Kiko Argüello, el iniciador del Camino que nace entre los más pobres

Es uno de los fundadores del Camino Neocatecumenal, que nació en las chabolas de Palomeras Altas, Vallecas (Madrid) y, en la actualidad, está presente en los cinco continentes

La falta de respuestas marcó la juventud de Francisco José Gómez Argüello. Nacido en León, el 9 de enero de 1939, de familia burguesa y católica, se trasladó a Madrid a estudiar Bellas Artes en la Real Academia de Bellas Artes de San Fernando. En 1959, recibió el Premio Nacional Juvenil de Pintura. Durante su etapa estudiantil, acudió a entornos marxistas y ateos y se alejó cada vez más de la Iglesia. 

Sin embargo, una crisis existencial determinó su vida. Ese vacío le llevó a encontrar a Dios. En una entrevista concedida a La Razón, declaró que repetía a la gente la pregunta “¿y tú sabes por qué vives?”, no consiguió que nadie resolviese ese interrogante. “Se abría un gran abismo dentro de mí. Ese abismo era una llamada profunda de Dios”, confirmó Argüello.

“Se abría un gran abismo dentro de mí. Ese abismo era una llamada profunda de Dios”, declaró Kiko Argüello.

La necesidad de conocer más acerca de esta llamada le empujó a realizar cursillos de cristiandad, donde se formó como catequista. 

Argüello nunca abandonó su perfil artístico. Una vez convertido, puso su arte al servicio del cristianismo y ha realizado numerosas obras (como pintor, músico, arquitecto y escultor) alrededor del mundo. 
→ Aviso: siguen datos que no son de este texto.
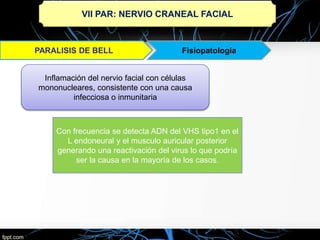 VII PAR: NERVIO CRANEAL FACIAL
Fisiopatología
Inflamación del nervio facial con células
mononucleares, consistente con una causa
infecciosa o inmunitaria
Con frecuencia se detecta ADN del VHS tipo1 en el
L endoneural y el musculo auricular posterior
generando una reactivación del virus lo que podría
ser la causa en la mayoría de los casos.
 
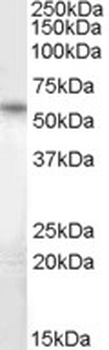 KCC1 Antibody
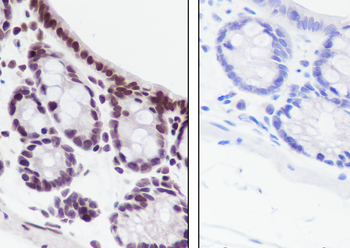 Propionyl-Histone H3 (Lys56) antibody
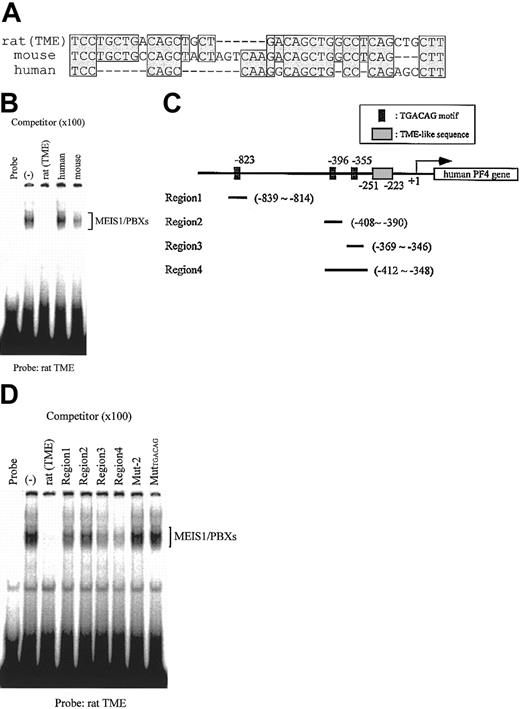 Figure 9. Comparison of the rat TME with TME-like sequences in the 5′-flanking region of mouse and human PF4 genes. (A) Mouse and human TME-like sequences that exist immediately upstream of the T-cluster region were compared with the rat TME sequence. Homologous sequences are indicated by shaded boxes. Dashes indicate deletion sequences. (B) EMSA was performed with the rat TME probe; MEIS1 and PBXs proteins were prepared by in vitro translation. Mouse and human TME-like sequences described in panel A were used as the competitors. (C) Locations of the 3 TGACAG motifs found within the 1-kb 5′-flanking region of the human PF4 gene are delineated. Fragments, including TGACAG motifs, region 1 to region 4, were used as the competitors in EMSA shown in panel D. (D) EMSA was performed with the rat TME probe; MEIS1 and PBXs proteins were prepared by in vitro translation. Fragments from the human PF4 gene described in panel C and the rat TME mutated fragment (MutTGACAG) were used as the competitors. (–) indicates no competitor.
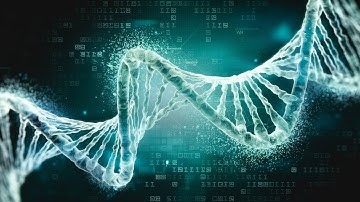 Unlocking the Secrets of Our DNA: Human Genome Sequencing!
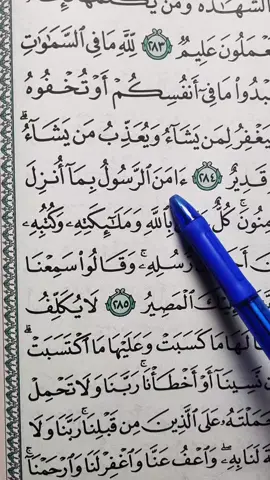 Surah Al-Baqarah 📖  #quran #fyp #fypシ゚viral #foryoupage #unfrezzmyaccount 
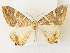 ( - CCDB-39049-D06)  @11 [ ] CreativeCommons - Attribution Share - Alike (2024) CBG Photography Group Centre for Biodiversity Genomics
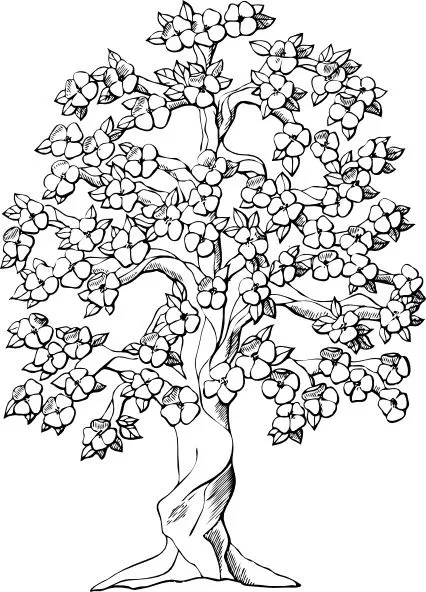  ... Vector de imágenes prediseñadas >> Árbol de floración clipart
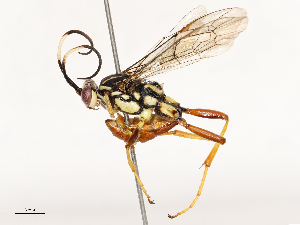  ( - CBG-B12674-B01)  @11 [ ] CreativeCommons - Attribution Share - Alike (2025) CBG Photography Group Centre for Biodiversity Genomics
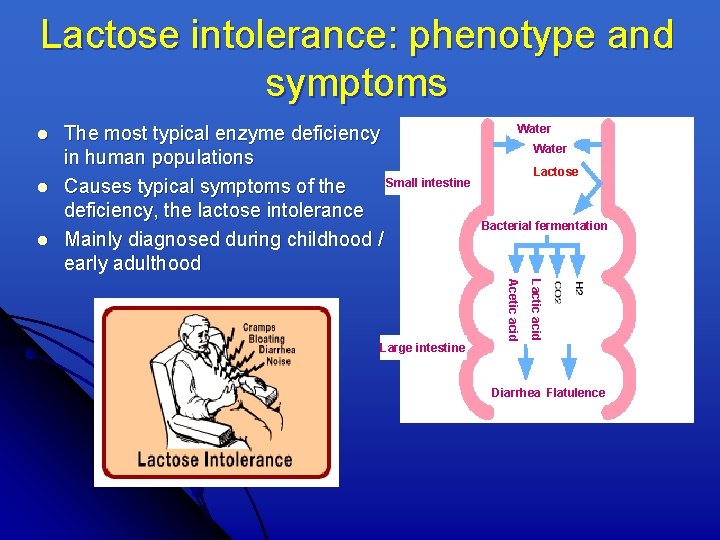 Lactose intolerance: phenotype and symptoms l l l The most typical enzyme deficiency in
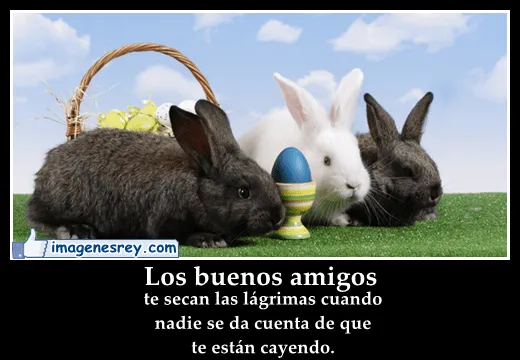 Imágenes de. conejitos con frases de amor - Imagui Imágenes de. conejitos con frases de amor - Imagui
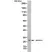 Anti MELAN-A Antibody, clone RM333 thumbnail image 2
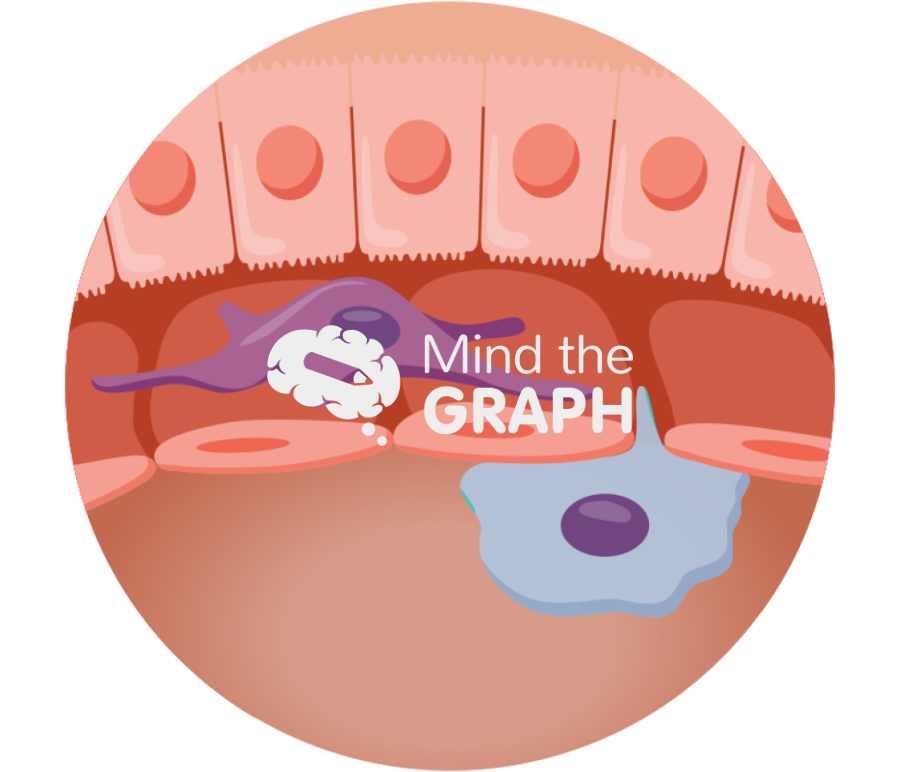 Liver cells zoom Icons, Symbols, Pictures, and Images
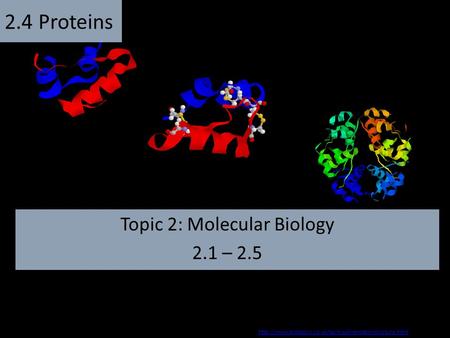 Topic 2: Molecular Biology 2.1 – 2.5 2.4 Proteins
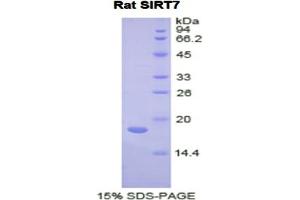 SDS-PAGE analysis of Rat Sirtuin 7 Protein. (SIRT7 蛋白)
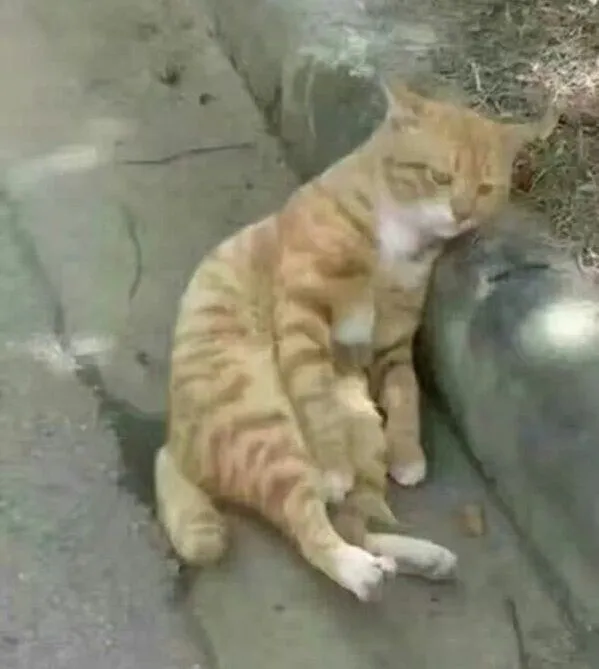 Usai Penguin, Giliran Kucing Ini Ngenes Banget Pas Diselingkuhi. Hewan Sekarang Kok Drama Banget Sih 10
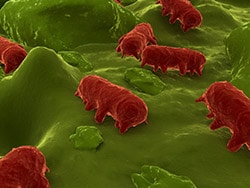 Salmonella Virus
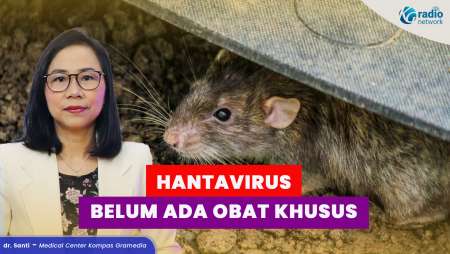 Waspada Hantavirus! Ketahui Cara Penyembuhan dan Pencegahannya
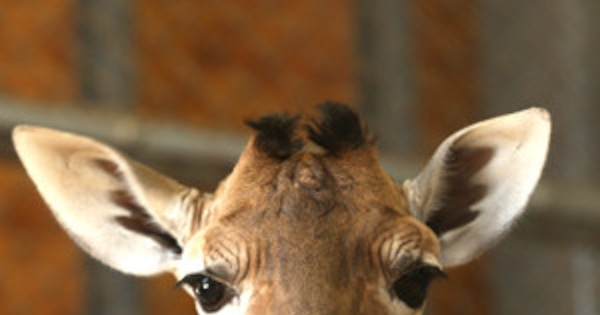 Giraffe Riddle Goes Viral on Facebook: Can You Answer It? | E! News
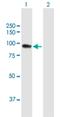 SH3 Domain Containing Kinase Binding Protein 1 antibody, H00030011-B01P, Novus Biologicals, Western Blot image 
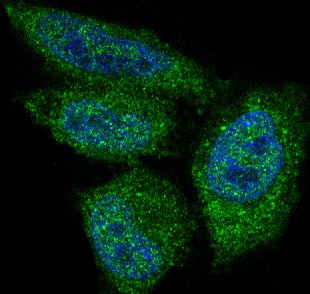 Immunofluorescent analysis of Hela cells, using AKT1 Antibody.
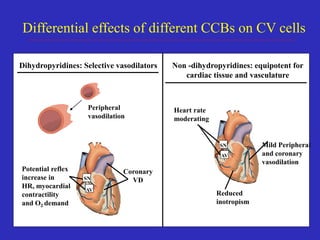 Differential effects of different CCBs on CV cells
AV
SN
AV
SN
Potential reflex
increase in
HR, myocardial
contractility
and O2 demand
Coronary
VD
Dihydropyridines: Selective vasodilators Non -dihydropyridines: equipotent for
cardiac tissue and vasculature
Heart rate
moderating
Mild Peripheral
and coronary
vasodilation
Reduced
inotropism
Peripheral
vasodilation
 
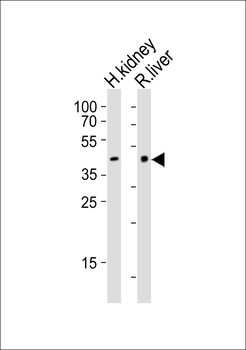IHH Antibody (C-term)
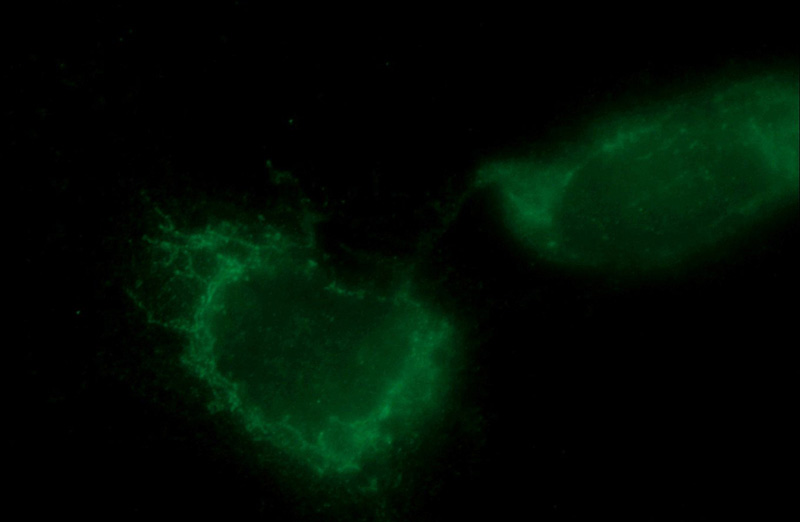 Immunofluorescent analysis of A431 cells using Catalog No:114216(Prohibitin Antibody) at dilution of 1:25 and FITC-Goat anti-Rabbit IgG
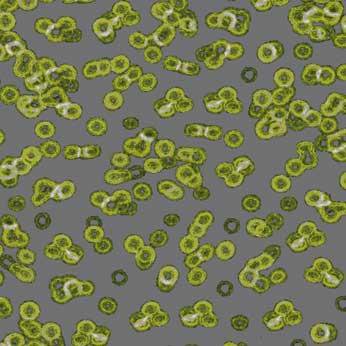 Ковролин Flotex Sottsass Bacteria 990302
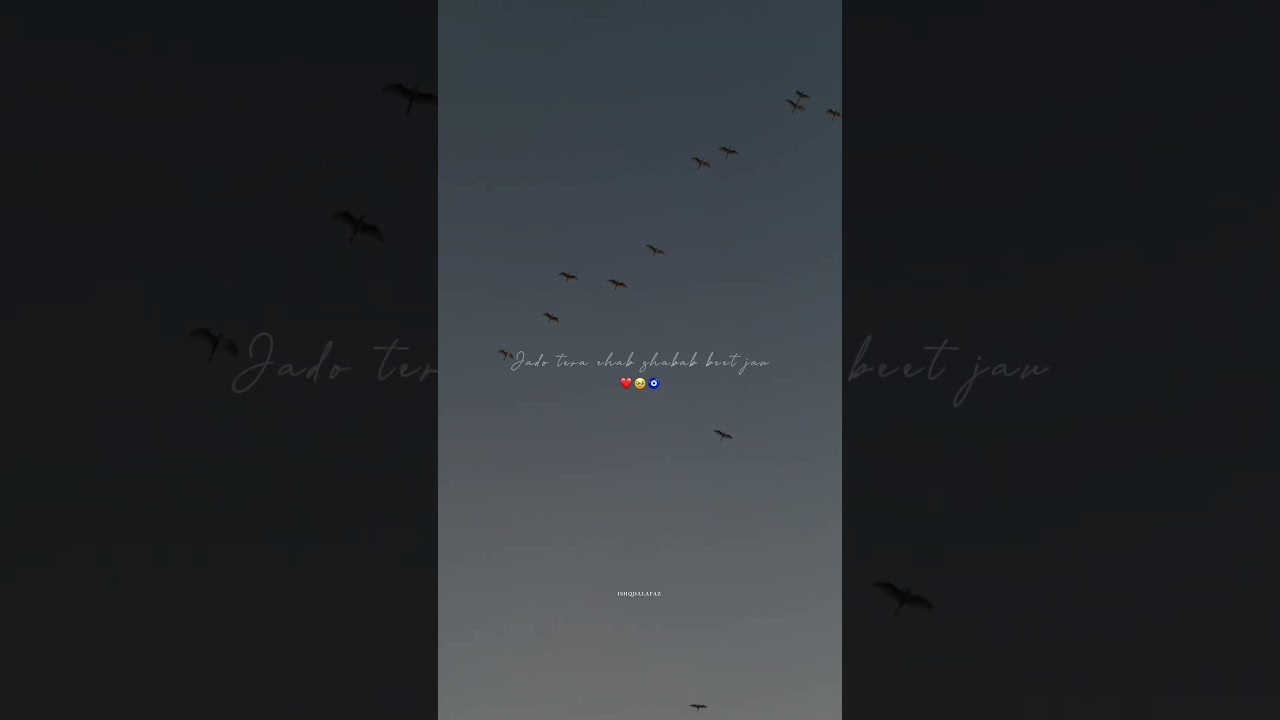 Chann Diggeya || Sabi Bhinder || Viral Status || 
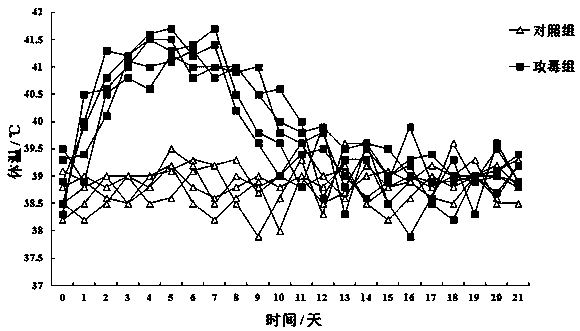 Caprine herpesvirus I vaccine strain and application thereof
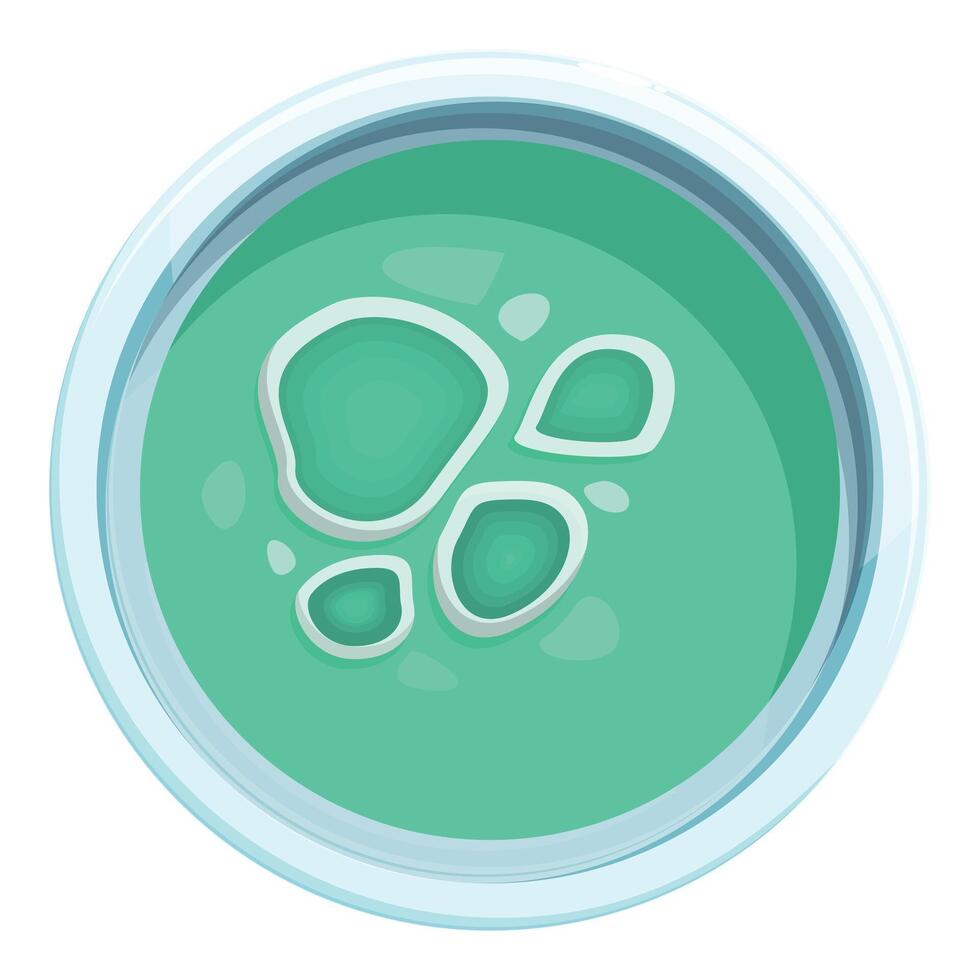 Petri dish with growing bacteria culture for scientific research vector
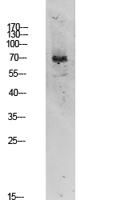 TIF-IA Polyclonal Antibody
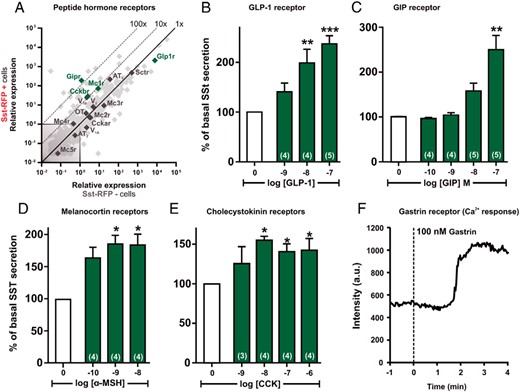 qPCR and functional analysis of the peptide hormone GPCRs. A, Expression of 379 GPCRs in Sst-RFP− (x-axis) vs Sst-RFP+ (y-axis). The peptide hormone receptors are displayed with gene name, whereas the remaining GPCRs are light gray in the background. B–E, SST release from primary gastric mucosal cells normalized to basal secretion, shown as mean ± SEM, with number of repeated experiments indicated in brackets in each bar. B, Increasing concentrations of GLP-1. C, Increasing concentrations of GIP. D, Increasing concentrations of α-MSH. E, Increasing concentrations of CCK. F, A representative single cell intracellular calcium recording in response to 100nM gastrin (n = 5).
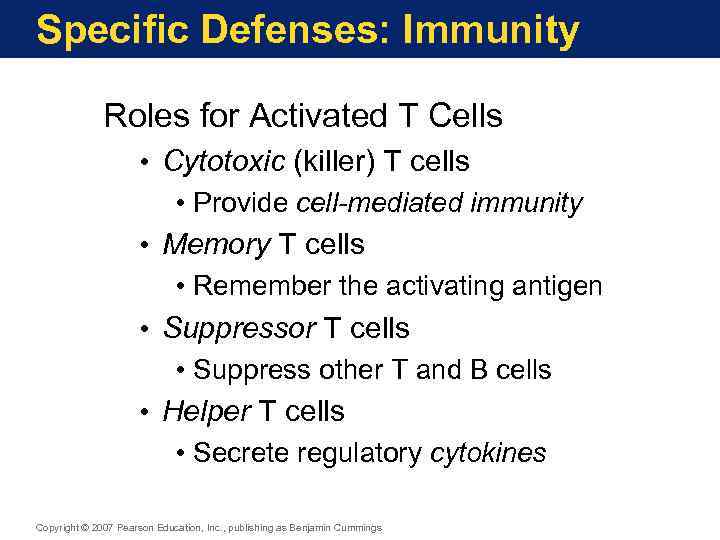 Specific Defenses: Immunity Roles for Activated T Cells • Cytotoxic (killer) T cells •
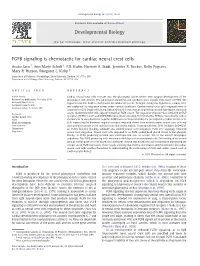 FGF8 Signaling Is Chemotactic for Cardiac Neural Crest Cells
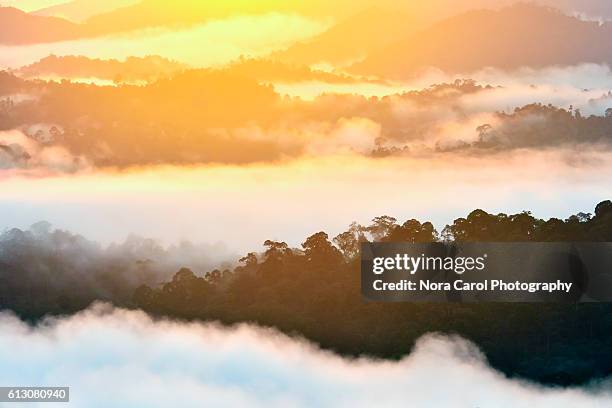 mist and fog during sunrise over danum valley rain forest. - dipterocarp tree fotografías e imágenes de stock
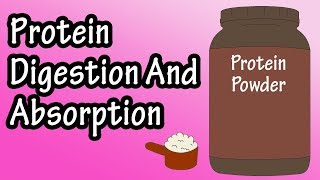 Protein Digestion And Absorption  Protein Metabolism [upl. by Annairba]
El guía de sus siguientes pasos fue Charles de Foucauld. En 1964, empujado por sus escritos, abandonó todo y decidió vivir en las barracas de Palomeras Altas, en Vallecas (Madrid). Allí conoció a Carmen Hernández (fallecida en 2016). Lo que no sabían es que ambos fundarían una comunidad que recorrería el mundo. Entre los más pobres encontraron la oportunidad de predicar la palabra de Dios. Este fue el inicio del Camino Neocatecumenal, que difundió su síntesis kerigmática, teológico-catequética, la clave de este proceso de evangelización.

El arzobispo de Madrid en aquella época, monseñor Casimiro Morcillo, aceptó esta nueva línea catequética y animó a Argüello y a Carmen Hernández a que propagasen su síntesis en las parroquias de la ciudad. Desde la capital, la comunidad fue creciendo y atrajo a creyentes de todo el país.

Todos los Caminos llegan a Roma
Acompañados por monseñor Dino Torreggiani, fundador del Instituto de los Siervos de la Iglesia, Kiko Argüello y Carmen Hernández llegaron a Roma en 1968. Sin embargo, los párrocos romanos no acabaron de aceptar la teoría defendida por el Camino.

De nuevo, la llamada de Dios hizo que Argüello se instalase en un barrio marginal: Borghetto Latino de Roma. Entre la pobreza, conoció a un grupo de jóvenes y, tras predicar su visión del cristianismo y realizar un retiro con ellos, estos le permitieron impartir catequesis en su parroquia. Fue entonces cuando se fundó la primera comunidad neocatecumenal en Roma.

Actualmente, el Camino Neocatecumenal está representado en los cinco continentes, en 134 naciones y cuenta con 21.300 comunidades repartidas en un total de 6.270 parroquias.